Cards Against Humanity: The game of a generation


Photo courtesy of findingberlin.com

Photo courtesy of findingberlin.com

“What gives me uncontrollable gas?”

“Auschwitz.”

The statement precedes a brief period of silence followed by ebullient laughter. There are few games more highly treasured to the college student than Cards Against Humanity, the card game in which players fill in a sentence given by a card with one of their own. The twist is that the cards are noticeably R-rated (like “coat-hanger abortions” and “dead parents”) — thus allowing horrifying and hilarious results. But perhaps we find these jokes so wildly funny because, in an era more politically correct than ever before, we increasingly internalize injustice.
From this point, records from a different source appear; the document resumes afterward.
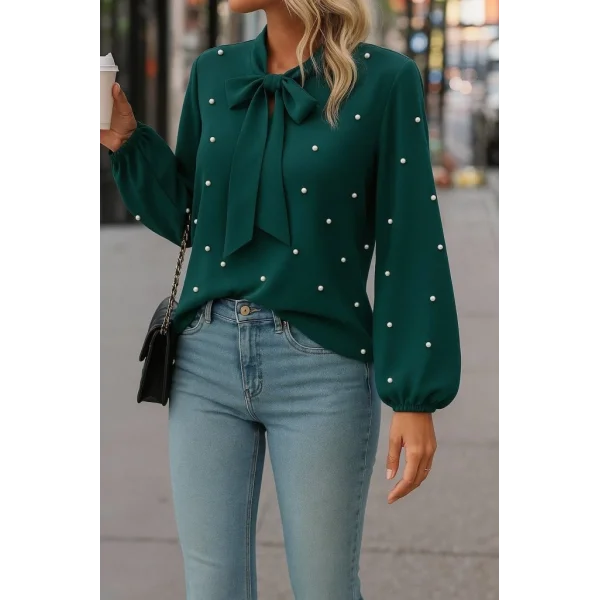 Kadın Uzun Kollu Yakadan Fiyonklu Incili Ithal Krep Bluz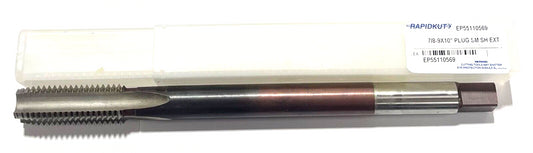 RapidKut 7/8"-9 x 10" HSS Hand Tap Extension 4 Flute H4 Plug Tap USA Made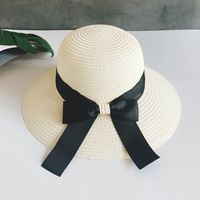 Sombrero De Paja Hecho A Mano Mujer Al Aire Libre Playa Protección Solar Sombrero sku image 5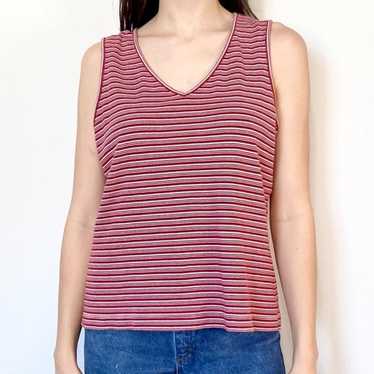 Vintage Y2K 00's Women's J Crew Crossover Striped Cropped Cami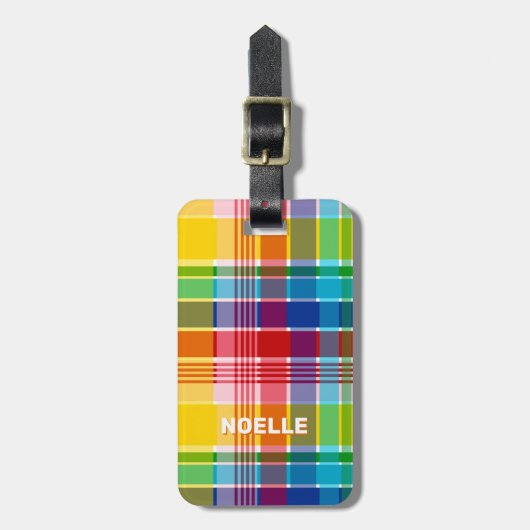 U.S. Virgin Islands Flag, Madras Bagagelabel (Voorkant verticaal)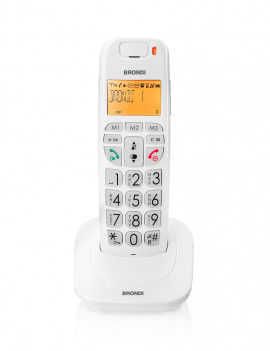 BRONDI BRAVO BRIGHT TELEFONO CORDLESS VIVAVOCE MEMORIA 20 NUMERI ECODECT BIANCO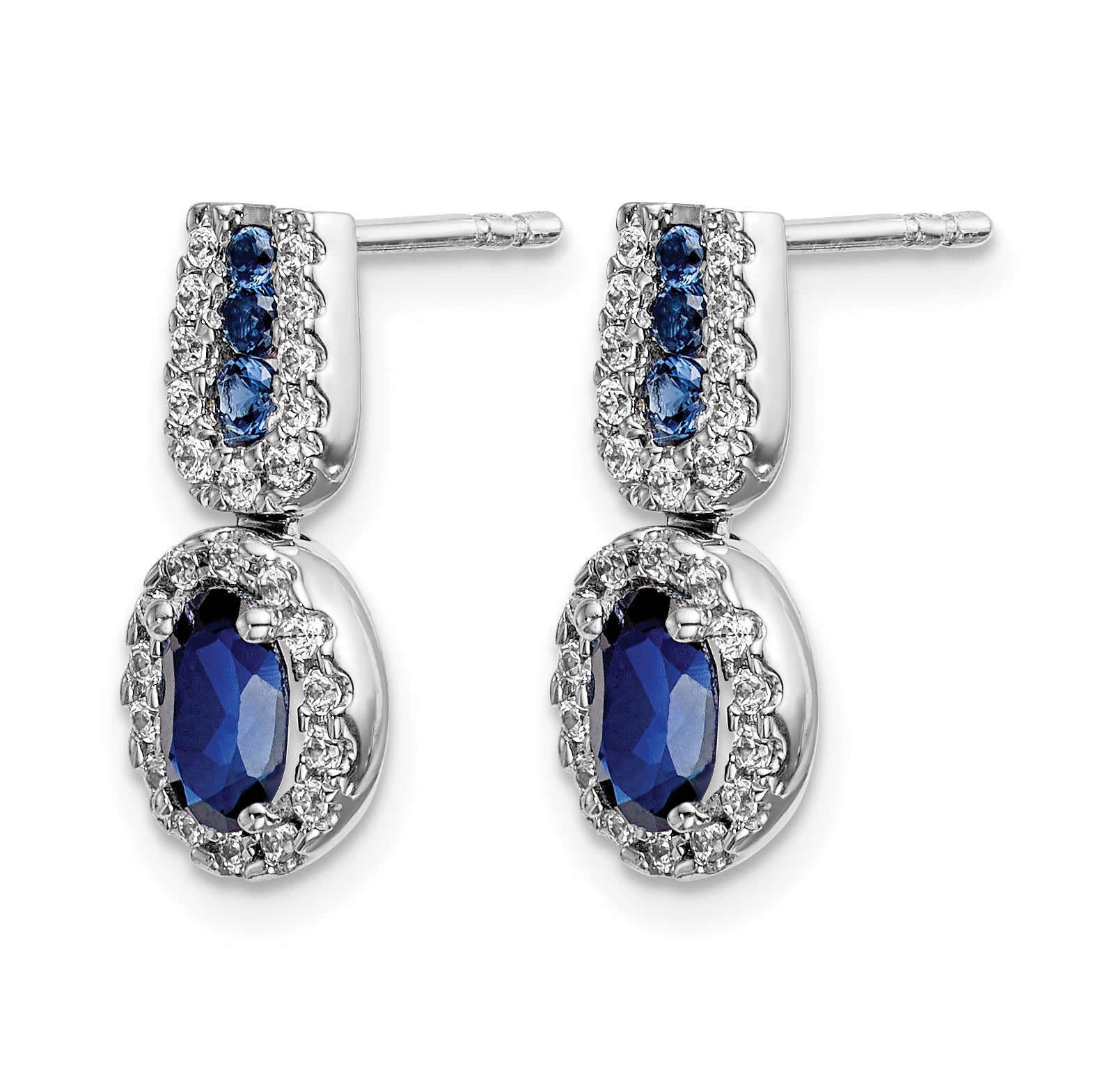 14K White Gold Lab Grown VS/SI+ G+ Dia and Created  Sapphire Post Earrings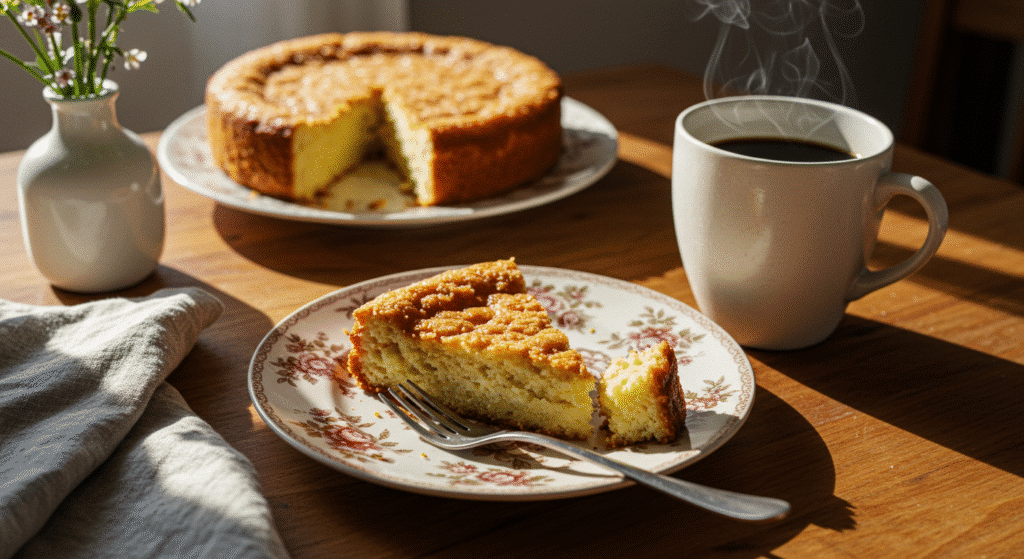 Slice of Greek yogurt cake on vintage plate with coffee cup in cozy morning setting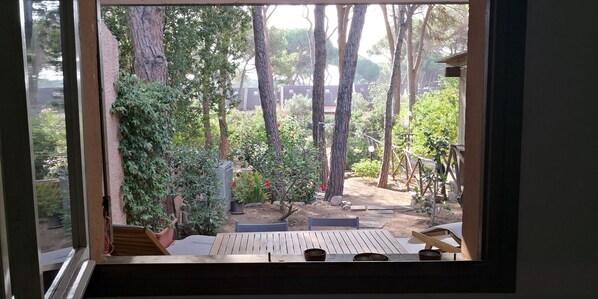 A view from a window of a room with a wooden table and chairs, a potted plant, and a garden with trees and a pathway. - Charming, newly renovated vacation home by the sea with a garden (Santa Margherita di Pula)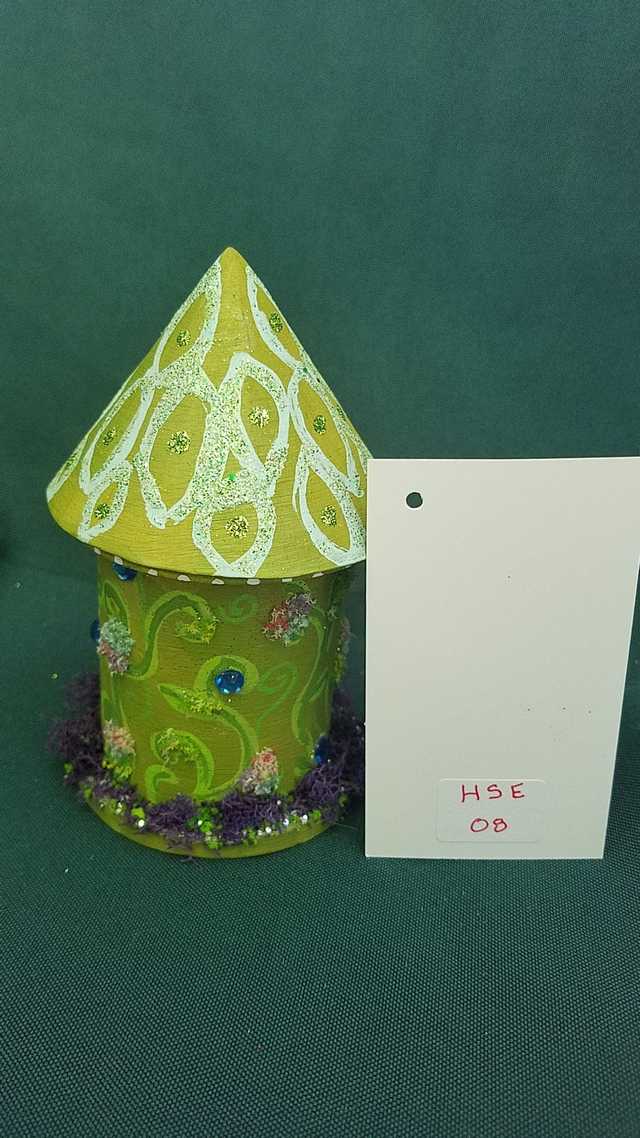 Miniature Wood Fairy House - Round - Moss Green - Vines - Fairy Garden - 5'' Tall Hand Made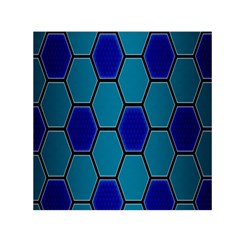 Hexagon Background Geometric Mosaic Small Satin Scarf (square) by Sapixe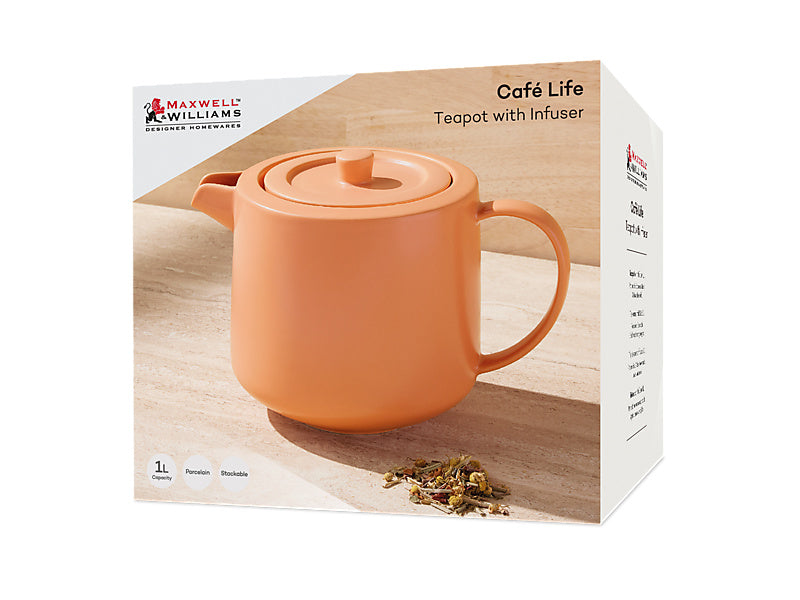 Cafe Life Teapot With Infuser Gift Boxed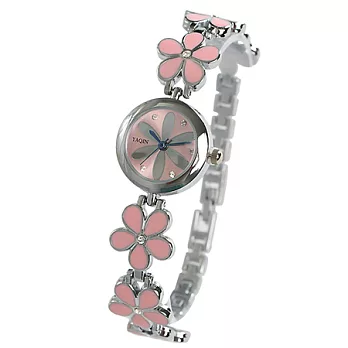 Watch-123 經典暢銷 性感風格大花朵造型手鍊腕錶 (粉紅色)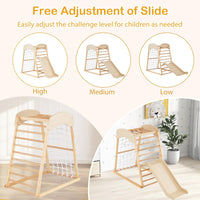 6 in 1 Struttura di Arrampicata, Triangolo da Arrampicata con Scivolo, Barra per Trazioni e Rete per Arrampicata, Parco Educativo per bambini per Interni, 1+ Anno, 105 x 67 x 112 cm (Naturale)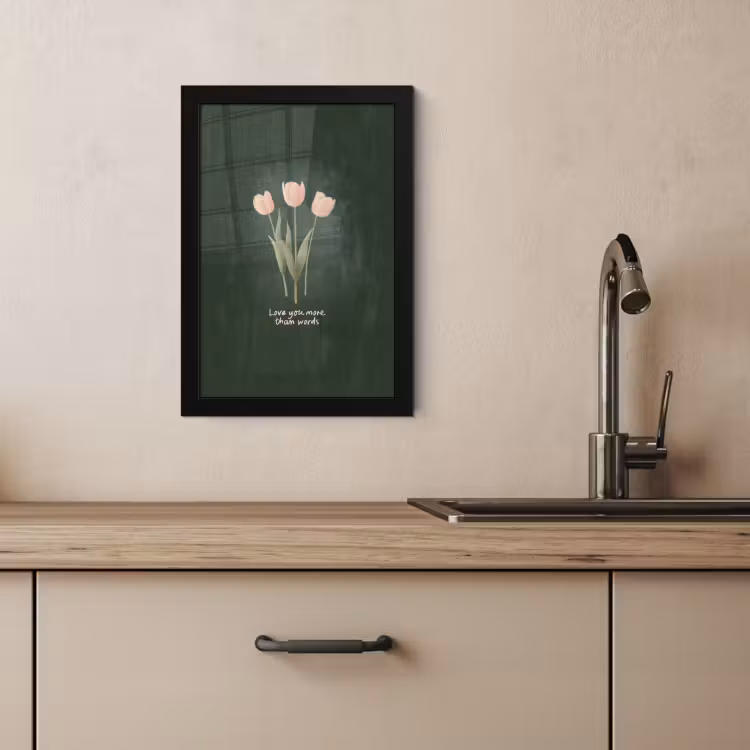 Cadre Photo - Tulipes - Rose - Texte - Amour — 3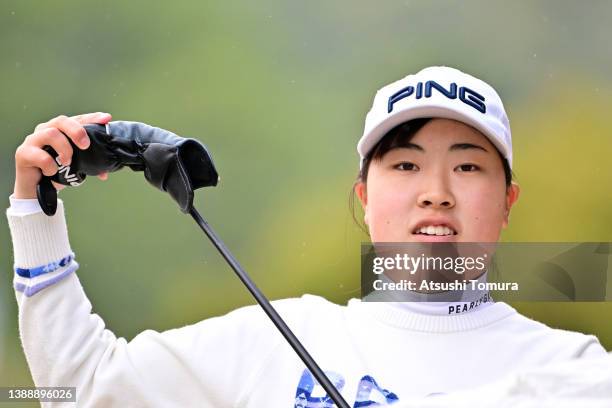 Amateur Miku Ueda of Japan is seen on the 7th tee during the second round of Yamaha Ladies Open Katsuragi at Katsuragi Golf Club Yamana Course on...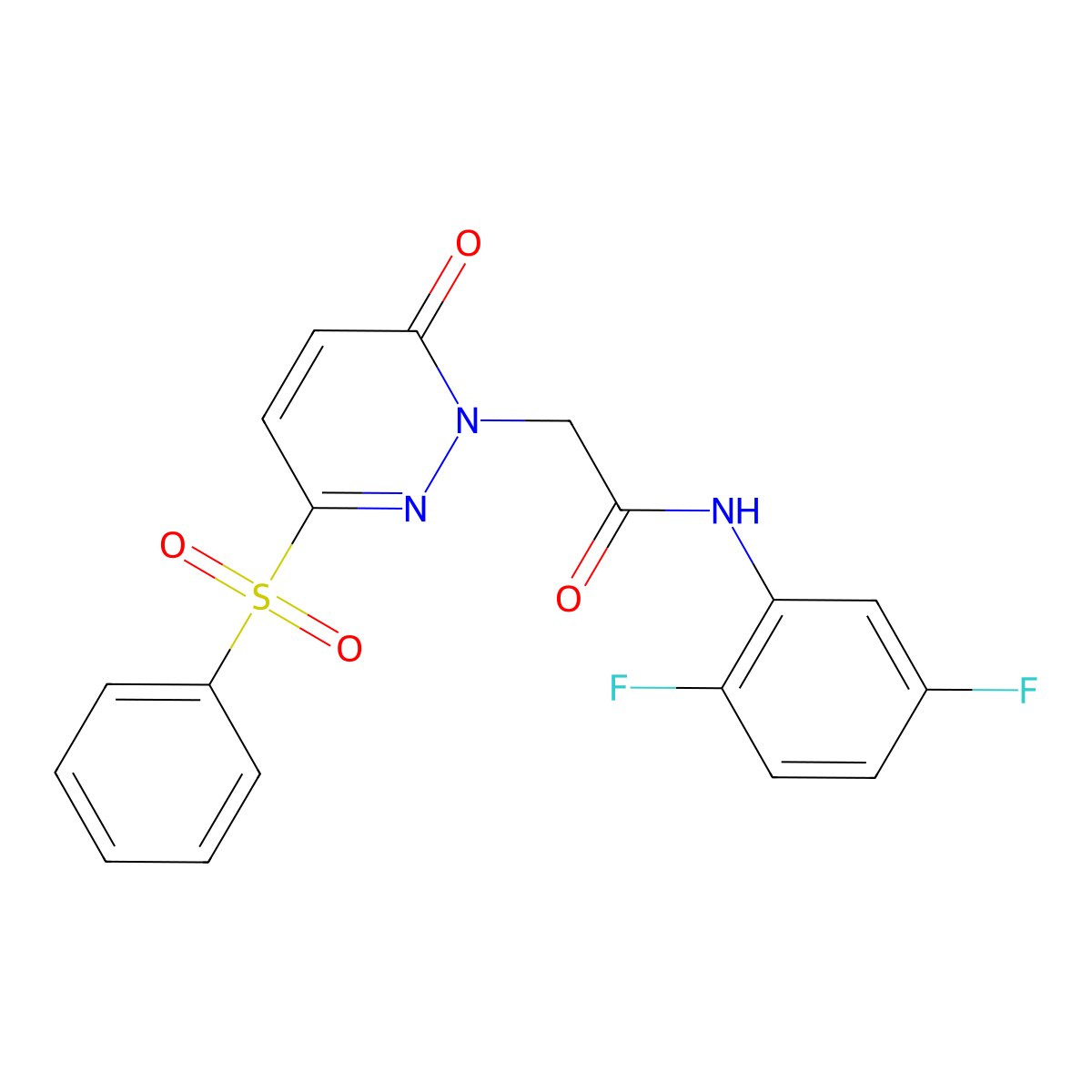 N-(2,5-difluorophenyl)-2-(6-oxo-3-(phenylsulfonyl)pyridazin-1(6H)-yl)acetamide molecular structure, CAS 1105221-26-8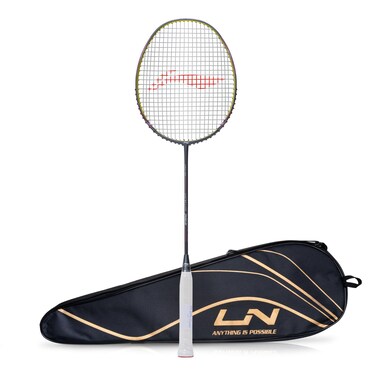 LiNing Wind Lite 700 II Carbon Graphite Badminton Strung Racket with Full Racket Cover Dark GreyLime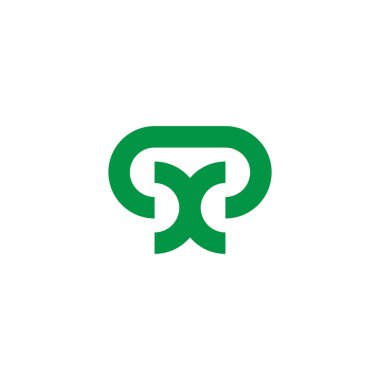 X harfi soyut ağaç sembolü logo vektörü 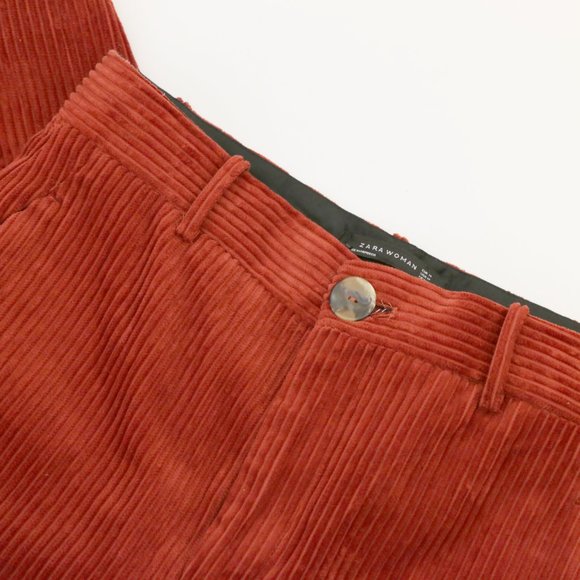 NWT Zara Corduroy Burnt Orange Pants Medium - Picture 7 of 8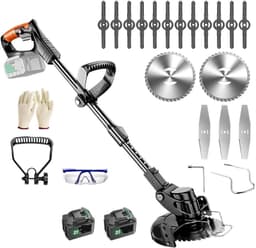 Elektrische Grasmaaier 21V Handheld 1880W Grasmaaien Houttrimmer Lengte Verstelbaar Met Accu Snoerloze Tuin Power Pruning Gebruiksvriendelijk(2pc big battery) — thumbnail 1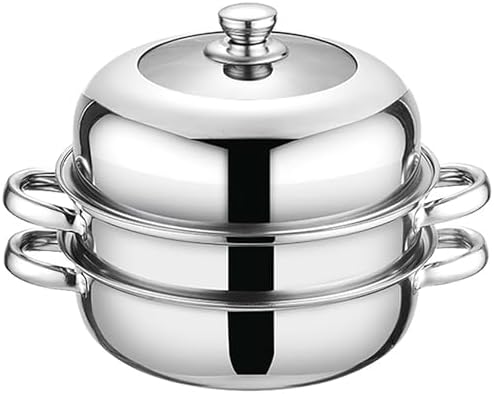 11 Inch Stainless Steel 2-Tier Steamer Pot with Lid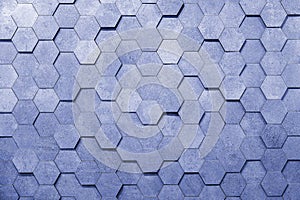 Geometric hexagons. Abstract silver metal background.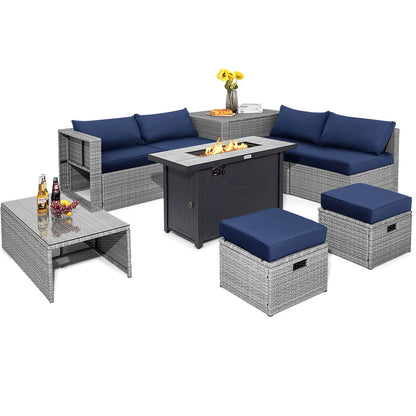 9-Piece Outdoor Hand-Woven PE Wicker Set with 42" 60,000 BTU Ceramic Fire Pit & 2 Covers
Granted, there are several identifiable lines of hypothesis to the humor of offensive jokes. For one, there is the shock factor associated with the effrontery to fly in the face of the political correctness that requires us to tiptoe around sensitive issues. We could use offensive jokes as an outlet to talk about important issues without the burden of necessitated grief that comes with such a conversation.

But I don’t think that anyone plays Cards Against Humanity because they want to talk about serious issues.

There’s an undeniable sense of relief when laughing at an offensive joke. Offensive jokes could be a coping mechanism for daily tragedies — a refreshingly new reaction to heartbreaking calamities that we realistically can do nothing to change. Or it could be our way of stuffing the lid on the can of the Holocaust or dead babies so we don’t have to think about the agony of those events. Offensive humor, then, could be indicative of a greater psychological inability to properly deal with the injustices that we are exposed to in daily life.

The question to ask is if our laughter associated with an offensive joke is inherently a negative attribute. Some could view offensive humor as rooted in the German concept of “schadenfreude,” or pleasure created by others’ misfortune. Schadenfreude elicits the same kind of visceral reaction as one would from watching others fall down flat on their faces. As philosopher Arthur Schopenhauer called one of the most evil sins of mankind, schadenfreude is thought to occur out of comfort that it is not us but rather others that incur hardship,

Yet again, I strike down the theory that offensive humor stems from schadenfreude. We don’t laugh at date rape or alcoholism because of a “them-not-us” mentality. It is, rather, a silent acknowledgement of the hardships that the past and present has brought to civilization and a steadfast decision to move forward despite them.

Sonali Seth is a freshman majoring in political science. Her column, “Sonacrates,” runs Tuesdays.